### DATA SEGMENT ###
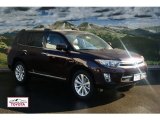 2012 Toyota Highlander Hybrid Limited 4WD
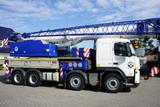 Volvo Montagekran,Fernbedienung,Arbeitskorb,Klappspitz - Gebraucht Arbeitskorb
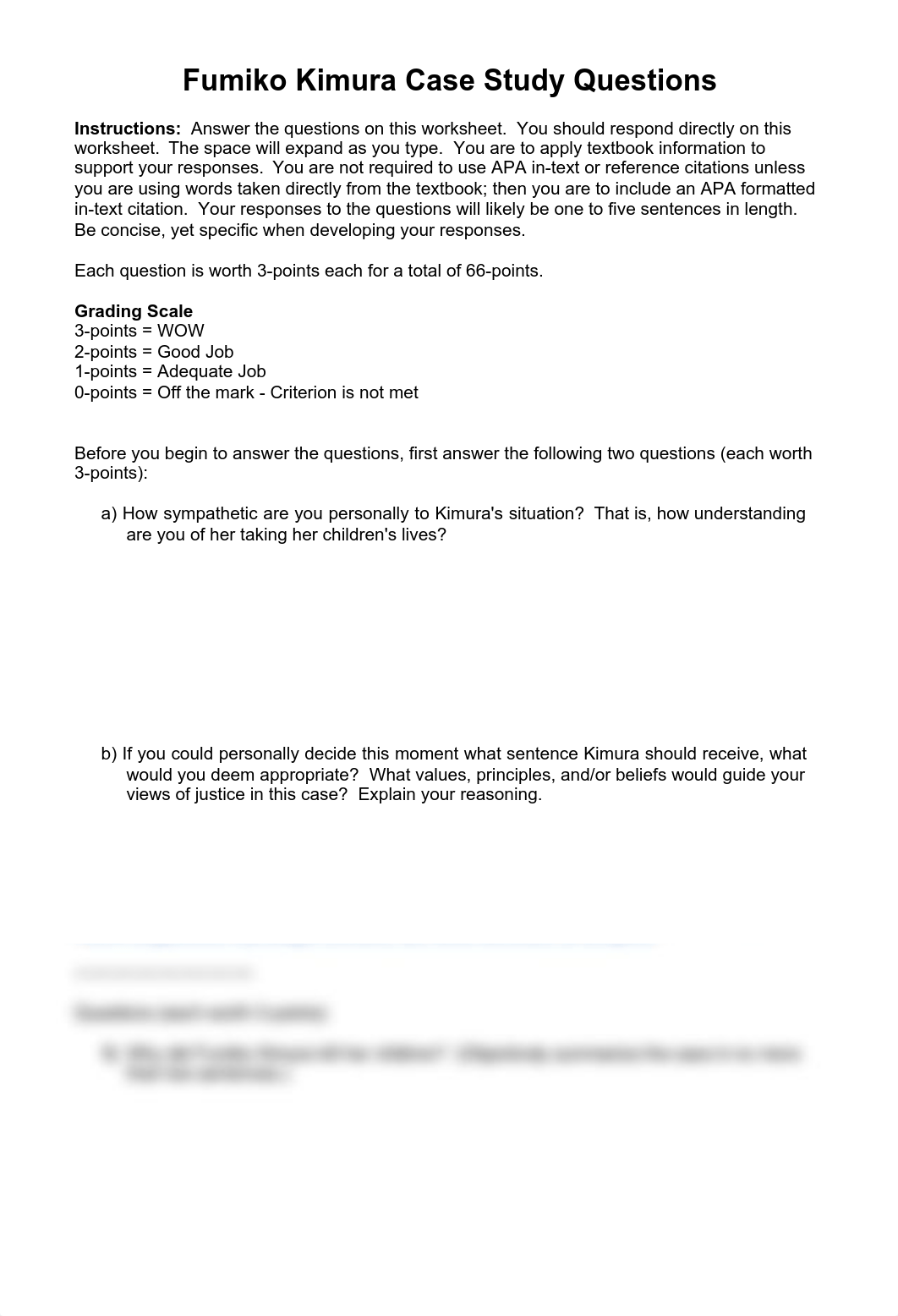 Fumiko Kimura - Case Study Questions - Culture and Socialization-1.pdf_di2ox4jcm3g_page1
###
Each line from the one containing "- Gebraucht Arbeitskorb" through the last line of the listing is to be given again exactly, with no pictures and no other lines.

**EXPECTED OUTPUT:**
 Volvo Montagekran,Fernbedienung,Arbeitskorb,Klappspitz - Gebraucht Arbeitskorb
 Fumiko Kimura - Case Study Questions - Culture and Socialization-1.pdf_di2ox4jcm3g_page1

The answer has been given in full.